## Exercise directions
Would you please transcribe, exactly as written, the lines of the entries below starting at the one that holds "Modern Milton Keynes" and ending at the one that holds "Jolie femme debout", both included?

## Given information
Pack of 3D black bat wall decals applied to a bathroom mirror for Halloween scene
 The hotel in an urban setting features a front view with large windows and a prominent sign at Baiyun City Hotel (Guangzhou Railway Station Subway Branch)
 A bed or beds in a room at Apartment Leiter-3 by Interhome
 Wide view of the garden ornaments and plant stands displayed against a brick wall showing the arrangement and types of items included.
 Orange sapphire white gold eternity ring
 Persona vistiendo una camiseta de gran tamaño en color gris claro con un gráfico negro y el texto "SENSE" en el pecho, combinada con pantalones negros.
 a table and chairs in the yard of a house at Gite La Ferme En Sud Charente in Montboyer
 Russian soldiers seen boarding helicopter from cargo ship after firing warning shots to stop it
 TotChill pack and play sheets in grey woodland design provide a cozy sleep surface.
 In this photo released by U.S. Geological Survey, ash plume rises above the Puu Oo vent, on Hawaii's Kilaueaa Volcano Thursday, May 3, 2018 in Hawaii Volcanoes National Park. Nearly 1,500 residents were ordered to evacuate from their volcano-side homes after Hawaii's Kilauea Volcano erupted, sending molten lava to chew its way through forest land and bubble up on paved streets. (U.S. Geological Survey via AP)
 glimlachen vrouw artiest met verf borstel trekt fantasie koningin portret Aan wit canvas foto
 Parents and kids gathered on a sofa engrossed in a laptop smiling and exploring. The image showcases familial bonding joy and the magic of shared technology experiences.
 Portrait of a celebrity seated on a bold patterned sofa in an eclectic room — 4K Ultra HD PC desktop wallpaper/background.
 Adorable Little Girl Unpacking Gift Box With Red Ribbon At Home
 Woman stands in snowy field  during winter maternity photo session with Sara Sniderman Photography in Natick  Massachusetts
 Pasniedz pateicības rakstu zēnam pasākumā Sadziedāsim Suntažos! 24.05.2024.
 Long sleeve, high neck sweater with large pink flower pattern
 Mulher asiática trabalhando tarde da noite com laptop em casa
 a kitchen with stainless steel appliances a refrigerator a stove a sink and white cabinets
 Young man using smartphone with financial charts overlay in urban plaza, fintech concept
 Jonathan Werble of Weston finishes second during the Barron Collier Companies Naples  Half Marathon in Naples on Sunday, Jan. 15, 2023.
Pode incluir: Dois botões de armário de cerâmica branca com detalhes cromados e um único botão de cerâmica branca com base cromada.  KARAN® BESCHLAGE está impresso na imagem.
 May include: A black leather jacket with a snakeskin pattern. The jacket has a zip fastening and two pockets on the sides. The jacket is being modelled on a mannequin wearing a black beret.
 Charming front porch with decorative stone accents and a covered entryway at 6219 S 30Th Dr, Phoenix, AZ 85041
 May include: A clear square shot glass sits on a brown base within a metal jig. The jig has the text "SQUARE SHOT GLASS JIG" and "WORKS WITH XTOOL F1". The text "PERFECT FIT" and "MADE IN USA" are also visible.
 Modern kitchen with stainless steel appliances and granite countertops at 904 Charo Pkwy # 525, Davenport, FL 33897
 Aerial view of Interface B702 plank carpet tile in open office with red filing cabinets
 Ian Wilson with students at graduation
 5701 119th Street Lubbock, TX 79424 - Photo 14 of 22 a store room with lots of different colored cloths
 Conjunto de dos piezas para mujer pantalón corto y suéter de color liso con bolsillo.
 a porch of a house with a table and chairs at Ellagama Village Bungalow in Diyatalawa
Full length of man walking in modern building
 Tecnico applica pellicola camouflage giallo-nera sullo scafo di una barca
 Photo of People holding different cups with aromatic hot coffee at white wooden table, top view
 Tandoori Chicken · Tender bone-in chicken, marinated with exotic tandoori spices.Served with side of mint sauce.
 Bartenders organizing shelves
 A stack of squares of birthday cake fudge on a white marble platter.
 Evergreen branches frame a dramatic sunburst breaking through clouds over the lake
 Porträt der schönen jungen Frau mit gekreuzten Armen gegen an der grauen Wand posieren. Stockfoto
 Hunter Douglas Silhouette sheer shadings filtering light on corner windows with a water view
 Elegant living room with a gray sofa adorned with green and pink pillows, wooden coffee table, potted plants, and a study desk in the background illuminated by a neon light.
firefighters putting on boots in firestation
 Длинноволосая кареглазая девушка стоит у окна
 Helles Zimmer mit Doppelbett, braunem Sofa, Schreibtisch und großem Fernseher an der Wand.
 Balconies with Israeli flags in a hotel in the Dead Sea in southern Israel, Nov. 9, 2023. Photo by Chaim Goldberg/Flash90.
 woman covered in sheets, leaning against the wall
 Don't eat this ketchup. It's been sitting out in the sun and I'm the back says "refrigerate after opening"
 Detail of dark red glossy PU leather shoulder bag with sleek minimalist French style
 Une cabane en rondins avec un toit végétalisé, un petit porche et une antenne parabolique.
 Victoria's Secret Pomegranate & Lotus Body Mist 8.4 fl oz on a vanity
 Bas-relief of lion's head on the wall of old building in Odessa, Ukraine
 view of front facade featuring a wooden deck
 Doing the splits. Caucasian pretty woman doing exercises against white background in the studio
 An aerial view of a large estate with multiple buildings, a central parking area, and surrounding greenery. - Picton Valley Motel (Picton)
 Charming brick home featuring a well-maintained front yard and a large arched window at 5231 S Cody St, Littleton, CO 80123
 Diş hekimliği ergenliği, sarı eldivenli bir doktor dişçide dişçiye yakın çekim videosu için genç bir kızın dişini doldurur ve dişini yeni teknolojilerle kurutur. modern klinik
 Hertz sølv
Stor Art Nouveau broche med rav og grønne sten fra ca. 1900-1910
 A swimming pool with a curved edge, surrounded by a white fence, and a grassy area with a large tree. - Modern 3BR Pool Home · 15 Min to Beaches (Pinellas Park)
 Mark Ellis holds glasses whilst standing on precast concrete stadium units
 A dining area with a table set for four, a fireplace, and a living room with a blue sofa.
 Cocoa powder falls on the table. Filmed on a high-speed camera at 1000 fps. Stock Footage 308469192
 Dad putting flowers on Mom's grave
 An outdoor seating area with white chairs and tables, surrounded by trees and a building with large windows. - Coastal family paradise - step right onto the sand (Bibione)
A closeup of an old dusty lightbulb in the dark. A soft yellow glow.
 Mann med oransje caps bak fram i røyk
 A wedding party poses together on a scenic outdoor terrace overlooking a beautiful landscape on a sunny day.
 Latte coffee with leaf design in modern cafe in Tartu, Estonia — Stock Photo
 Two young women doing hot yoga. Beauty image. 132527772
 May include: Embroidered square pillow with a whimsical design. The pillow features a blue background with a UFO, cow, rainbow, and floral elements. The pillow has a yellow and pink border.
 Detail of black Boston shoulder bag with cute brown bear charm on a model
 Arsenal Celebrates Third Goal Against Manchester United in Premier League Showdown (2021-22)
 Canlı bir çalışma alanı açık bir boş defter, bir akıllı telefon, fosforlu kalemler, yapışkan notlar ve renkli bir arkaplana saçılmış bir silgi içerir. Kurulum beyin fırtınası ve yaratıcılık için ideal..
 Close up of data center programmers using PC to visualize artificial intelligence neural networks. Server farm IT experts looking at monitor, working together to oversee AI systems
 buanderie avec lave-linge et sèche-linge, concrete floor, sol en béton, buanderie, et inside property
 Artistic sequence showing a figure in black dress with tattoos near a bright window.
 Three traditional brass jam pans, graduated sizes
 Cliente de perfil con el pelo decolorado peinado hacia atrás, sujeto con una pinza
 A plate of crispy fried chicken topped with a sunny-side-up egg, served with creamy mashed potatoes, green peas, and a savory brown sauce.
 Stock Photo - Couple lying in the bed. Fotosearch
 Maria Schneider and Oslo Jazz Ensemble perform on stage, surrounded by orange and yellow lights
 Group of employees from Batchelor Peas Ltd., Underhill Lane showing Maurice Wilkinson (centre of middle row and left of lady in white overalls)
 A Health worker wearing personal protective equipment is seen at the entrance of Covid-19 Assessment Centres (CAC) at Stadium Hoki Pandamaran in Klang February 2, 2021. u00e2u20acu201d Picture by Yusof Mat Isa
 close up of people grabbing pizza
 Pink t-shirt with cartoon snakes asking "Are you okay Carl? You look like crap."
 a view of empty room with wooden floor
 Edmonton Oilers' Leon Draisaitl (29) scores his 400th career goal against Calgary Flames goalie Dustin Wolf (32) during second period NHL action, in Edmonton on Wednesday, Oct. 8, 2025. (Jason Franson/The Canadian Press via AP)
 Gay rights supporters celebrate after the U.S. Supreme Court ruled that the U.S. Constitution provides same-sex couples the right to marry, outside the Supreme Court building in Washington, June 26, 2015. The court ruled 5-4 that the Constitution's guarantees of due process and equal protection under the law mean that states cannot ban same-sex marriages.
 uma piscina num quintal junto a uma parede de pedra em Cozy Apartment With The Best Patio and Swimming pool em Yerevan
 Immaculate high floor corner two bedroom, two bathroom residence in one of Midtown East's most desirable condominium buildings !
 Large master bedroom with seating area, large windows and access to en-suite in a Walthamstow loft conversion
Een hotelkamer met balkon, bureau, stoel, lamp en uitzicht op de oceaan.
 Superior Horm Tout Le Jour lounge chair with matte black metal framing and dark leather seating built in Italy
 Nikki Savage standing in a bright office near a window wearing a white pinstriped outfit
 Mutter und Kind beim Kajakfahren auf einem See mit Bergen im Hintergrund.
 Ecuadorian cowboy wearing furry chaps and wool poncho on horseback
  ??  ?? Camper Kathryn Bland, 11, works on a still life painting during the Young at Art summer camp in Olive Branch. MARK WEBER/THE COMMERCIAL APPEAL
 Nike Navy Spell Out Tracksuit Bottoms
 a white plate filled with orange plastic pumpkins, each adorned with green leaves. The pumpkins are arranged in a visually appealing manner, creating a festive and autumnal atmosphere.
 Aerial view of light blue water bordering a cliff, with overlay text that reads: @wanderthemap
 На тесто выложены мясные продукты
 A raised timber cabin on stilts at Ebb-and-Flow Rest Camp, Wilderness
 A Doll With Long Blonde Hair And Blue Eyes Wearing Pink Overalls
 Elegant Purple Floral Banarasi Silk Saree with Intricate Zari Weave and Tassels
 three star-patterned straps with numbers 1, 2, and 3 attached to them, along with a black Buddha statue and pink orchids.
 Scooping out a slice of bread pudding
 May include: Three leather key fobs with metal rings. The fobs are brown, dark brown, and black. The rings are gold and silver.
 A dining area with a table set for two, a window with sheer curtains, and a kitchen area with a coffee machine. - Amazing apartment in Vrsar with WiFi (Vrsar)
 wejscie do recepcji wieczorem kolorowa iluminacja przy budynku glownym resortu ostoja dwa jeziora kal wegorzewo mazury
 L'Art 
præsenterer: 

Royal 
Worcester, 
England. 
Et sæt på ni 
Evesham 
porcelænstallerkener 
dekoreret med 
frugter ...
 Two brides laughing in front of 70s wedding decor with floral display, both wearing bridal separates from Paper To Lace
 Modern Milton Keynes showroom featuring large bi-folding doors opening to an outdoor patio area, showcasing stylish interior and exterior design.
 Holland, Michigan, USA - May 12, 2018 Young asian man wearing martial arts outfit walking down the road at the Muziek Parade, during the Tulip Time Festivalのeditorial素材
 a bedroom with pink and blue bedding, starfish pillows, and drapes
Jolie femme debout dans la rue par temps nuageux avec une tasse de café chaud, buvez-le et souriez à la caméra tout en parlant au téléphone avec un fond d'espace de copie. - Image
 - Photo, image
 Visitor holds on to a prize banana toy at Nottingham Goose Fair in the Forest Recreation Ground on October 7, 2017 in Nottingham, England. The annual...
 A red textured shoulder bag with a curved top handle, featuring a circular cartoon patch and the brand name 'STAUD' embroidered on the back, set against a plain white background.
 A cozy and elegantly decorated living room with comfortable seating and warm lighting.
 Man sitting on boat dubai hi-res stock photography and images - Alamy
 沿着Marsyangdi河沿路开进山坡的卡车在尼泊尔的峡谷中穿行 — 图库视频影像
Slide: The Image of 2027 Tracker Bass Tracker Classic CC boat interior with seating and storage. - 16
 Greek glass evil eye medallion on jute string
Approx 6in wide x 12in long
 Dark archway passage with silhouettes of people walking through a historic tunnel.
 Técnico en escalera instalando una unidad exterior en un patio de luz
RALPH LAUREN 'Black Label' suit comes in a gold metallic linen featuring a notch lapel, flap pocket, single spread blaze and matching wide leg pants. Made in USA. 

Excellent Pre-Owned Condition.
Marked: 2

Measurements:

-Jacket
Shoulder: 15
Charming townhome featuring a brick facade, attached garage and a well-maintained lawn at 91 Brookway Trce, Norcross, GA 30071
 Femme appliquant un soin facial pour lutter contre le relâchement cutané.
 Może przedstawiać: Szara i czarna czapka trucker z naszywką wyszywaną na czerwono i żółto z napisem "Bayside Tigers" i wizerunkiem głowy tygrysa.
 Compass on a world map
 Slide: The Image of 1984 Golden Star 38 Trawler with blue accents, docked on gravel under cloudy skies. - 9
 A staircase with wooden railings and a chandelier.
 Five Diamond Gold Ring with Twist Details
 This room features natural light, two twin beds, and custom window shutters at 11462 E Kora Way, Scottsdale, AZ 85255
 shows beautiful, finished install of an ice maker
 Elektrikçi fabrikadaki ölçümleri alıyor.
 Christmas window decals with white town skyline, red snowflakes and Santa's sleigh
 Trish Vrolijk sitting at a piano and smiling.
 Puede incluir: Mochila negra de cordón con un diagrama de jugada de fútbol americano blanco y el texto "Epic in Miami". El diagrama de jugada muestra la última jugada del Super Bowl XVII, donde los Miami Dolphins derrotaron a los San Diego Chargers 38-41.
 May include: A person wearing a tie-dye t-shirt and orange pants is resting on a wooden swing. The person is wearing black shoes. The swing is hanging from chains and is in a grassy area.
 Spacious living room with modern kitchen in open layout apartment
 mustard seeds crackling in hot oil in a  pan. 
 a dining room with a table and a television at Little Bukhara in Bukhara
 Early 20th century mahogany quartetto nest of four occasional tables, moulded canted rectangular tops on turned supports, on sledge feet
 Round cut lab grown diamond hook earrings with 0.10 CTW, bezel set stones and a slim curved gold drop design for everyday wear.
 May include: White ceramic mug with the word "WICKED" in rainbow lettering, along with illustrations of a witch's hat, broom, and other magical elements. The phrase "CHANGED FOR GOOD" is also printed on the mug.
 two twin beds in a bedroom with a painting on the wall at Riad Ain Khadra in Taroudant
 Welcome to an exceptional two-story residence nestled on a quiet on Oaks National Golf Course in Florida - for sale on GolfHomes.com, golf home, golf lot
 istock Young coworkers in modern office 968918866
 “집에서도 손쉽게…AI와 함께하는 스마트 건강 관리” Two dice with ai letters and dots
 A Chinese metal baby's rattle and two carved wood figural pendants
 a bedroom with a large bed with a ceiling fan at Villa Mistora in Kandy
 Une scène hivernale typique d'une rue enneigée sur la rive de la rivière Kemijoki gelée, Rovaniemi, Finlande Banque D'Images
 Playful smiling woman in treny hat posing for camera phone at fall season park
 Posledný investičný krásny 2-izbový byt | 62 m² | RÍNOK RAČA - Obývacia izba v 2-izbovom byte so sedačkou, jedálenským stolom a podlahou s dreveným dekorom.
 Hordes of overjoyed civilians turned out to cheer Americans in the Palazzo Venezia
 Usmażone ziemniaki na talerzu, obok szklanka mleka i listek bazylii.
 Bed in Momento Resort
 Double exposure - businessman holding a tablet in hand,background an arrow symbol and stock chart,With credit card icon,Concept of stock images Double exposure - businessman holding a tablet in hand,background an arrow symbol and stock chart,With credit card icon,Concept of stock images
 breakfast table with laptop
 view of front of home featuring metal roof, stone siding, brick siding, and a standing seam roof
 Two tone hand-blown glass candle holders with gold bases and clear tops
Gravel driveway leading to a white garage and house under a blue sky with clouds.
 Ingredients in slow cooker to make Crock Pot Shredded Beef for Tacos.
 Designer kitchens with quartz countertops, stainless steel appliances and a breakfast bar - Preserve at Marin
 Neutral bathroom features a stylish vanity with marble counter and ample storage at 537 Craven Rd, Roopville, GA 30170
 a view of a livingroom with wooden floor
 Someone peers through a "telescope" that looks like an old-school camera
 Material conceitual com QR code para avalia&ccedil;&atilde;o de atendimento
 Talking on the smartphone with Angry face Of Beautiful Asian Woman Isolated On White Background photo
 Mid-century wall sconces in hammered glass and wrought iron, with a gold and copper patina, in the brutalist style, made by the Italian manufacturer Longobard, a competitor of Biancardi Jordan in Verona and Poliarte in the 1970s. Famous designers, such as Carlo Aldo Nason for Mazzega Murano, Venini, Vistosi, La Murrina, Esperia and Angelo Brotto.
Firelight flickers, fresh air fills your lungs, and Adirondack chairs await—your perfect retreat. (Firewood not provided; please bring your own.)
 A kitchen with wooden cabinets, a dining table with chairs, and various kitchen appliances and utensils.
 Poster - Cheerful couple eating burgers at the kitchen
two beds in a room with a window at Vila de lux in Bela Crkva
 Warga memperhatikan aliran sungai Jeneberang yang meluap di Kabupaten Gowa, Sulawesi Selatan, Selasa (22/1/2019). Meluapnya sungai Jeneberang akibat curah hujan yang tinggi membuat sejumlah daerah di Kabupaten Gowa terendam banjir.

## Solution for this task
 Modern Milton Keynes showroom featuring large bi-folding doors opening to an outdoor patio area, showcasing stylish interior and exterior design.
 Holland, Michigan, USA - May 12, 2018 Young asian man wearing martial arts outfit walking down the road at the Muziek Parade, during the Tulip Time Festivalのeditorial素材
 a bedroom with pink and blue bedding, starfish pillows, and drapes
Jolie femme debout dans la rue par temps nuageux avec une tasse de café chaud, buvez-le et souriez à la caméra tout en parlant au téléphone avec un fond d'espace de copie. - Image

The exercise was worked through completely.